BEGIN EXCERPTED DATA

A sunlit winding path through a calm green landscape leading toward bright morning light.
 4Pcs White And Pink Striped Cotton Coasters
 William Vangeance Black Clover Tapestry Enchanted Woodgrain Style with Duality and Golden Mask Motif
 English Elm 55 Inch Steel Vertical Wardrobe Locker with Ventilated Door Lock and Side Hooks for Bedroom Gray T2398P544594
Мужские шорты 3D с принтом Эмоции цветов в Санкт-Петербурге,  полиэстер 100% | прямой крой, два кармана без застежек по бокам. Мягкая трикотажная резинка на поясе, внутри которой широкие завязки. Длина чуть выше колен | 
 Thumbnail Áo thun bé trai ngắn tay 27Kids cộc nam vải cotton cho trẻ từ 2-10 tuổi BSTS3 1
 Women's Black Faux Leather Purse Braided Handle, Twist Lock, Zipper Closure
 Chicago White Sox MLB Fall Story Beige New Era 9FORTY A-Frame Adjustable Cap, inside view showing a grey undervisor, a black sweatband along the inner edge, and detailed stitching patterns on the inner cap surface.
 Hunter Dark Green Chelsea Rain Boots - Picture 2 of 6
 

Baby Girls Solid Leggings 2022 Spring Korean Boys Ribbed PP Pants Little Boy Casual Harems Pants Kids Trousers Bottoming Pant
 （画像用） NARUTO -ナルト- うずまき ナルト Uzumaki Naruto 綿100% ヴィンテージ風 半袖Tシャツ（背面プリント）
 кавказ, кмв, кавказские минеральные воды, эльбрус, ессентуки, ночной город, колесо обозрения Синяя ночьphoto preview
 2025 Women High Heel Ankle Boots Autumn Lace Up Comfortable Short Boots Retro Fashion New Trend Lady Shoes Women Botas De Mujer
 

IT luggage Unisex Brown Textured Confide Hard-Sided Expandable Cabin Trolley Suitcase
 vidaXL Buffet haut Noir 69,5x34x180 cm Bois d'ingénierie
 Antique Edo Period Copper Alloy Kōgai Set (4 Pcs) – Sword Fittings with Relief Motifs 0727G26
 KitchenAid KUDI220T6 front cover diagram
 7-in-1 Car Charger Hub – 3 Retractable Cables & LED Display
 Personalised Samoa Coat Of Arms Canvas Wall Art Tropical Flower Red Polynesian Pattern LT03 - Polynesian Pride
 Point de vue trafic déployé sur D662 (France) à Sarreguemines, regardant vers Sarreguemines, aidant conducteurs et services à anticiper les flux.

END EXCERPTED DATA

• [EXERCISE OBJECTIVE]:
Above are the records; please copy exactly their first line and each line after it through the line containing "William Vangeance Black", and no line after that.

• [RESULT FOR THIS EXERCISE]:
A sunlit winding path through a calm green landscape leading toward bright morning light.
 4Pcs White And Pink Striped Cotton Coasters
 William Vangeance Black Clover Tapestry Enchanted Woodgrain Style with Duality and Golden Mask Motif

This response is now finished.